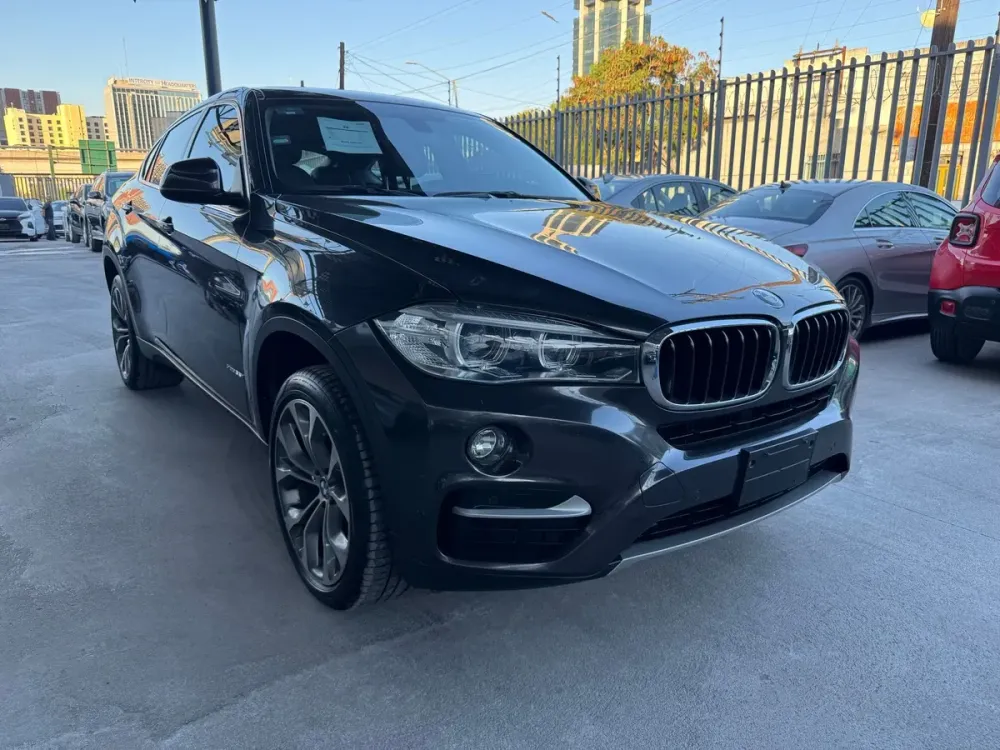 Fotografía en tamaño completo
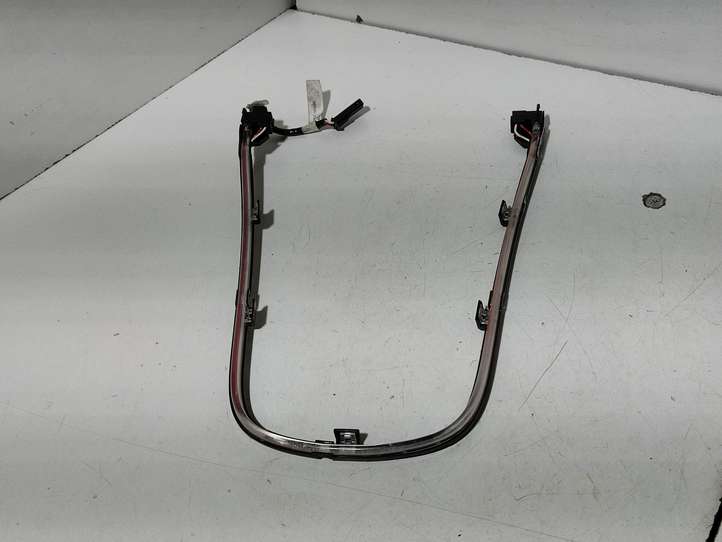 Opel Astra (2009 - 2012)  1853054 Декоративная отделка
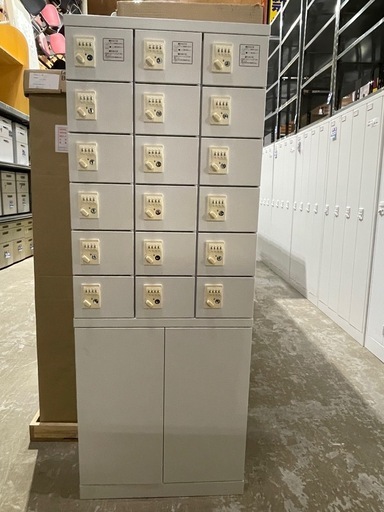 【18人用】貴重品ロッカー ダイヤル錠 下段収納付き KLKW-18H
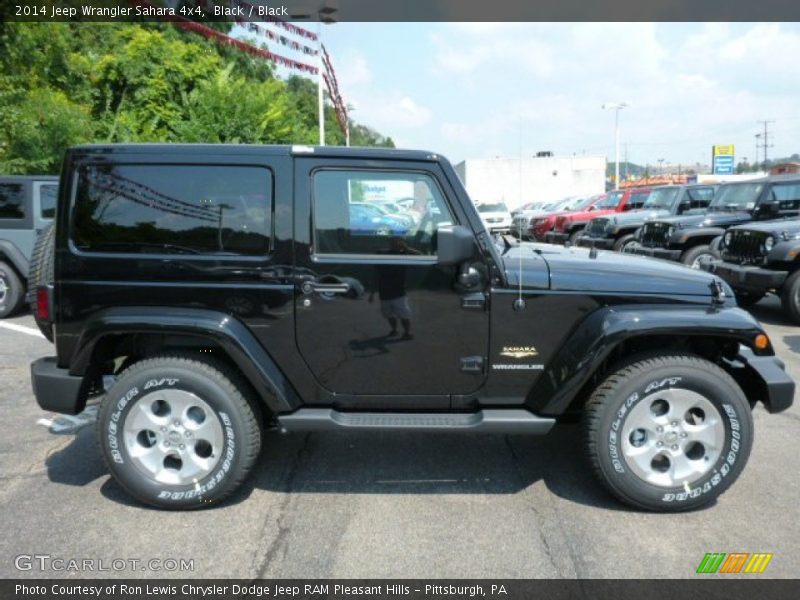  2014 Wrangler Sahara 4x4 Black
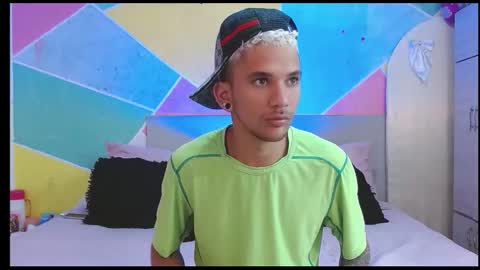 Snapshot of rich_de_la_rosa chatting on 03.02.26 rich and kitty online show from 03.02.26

Task: Leaving images out, please output every line of the data exactly.

Result below:
 Fotografía en tamaño completo
 Opel Astra (2009 - 2012)  1853054 Декоративная отделка
 【18人用】貴重品ロッカー ダイヤル錠 下段収納付き KLKW-18H
  2014 Wrangler Sahara 4x4 Black
 Snapshot of rich_de_la_rosa chatting on 03.02.26 rich and kitty online show from 03.02.26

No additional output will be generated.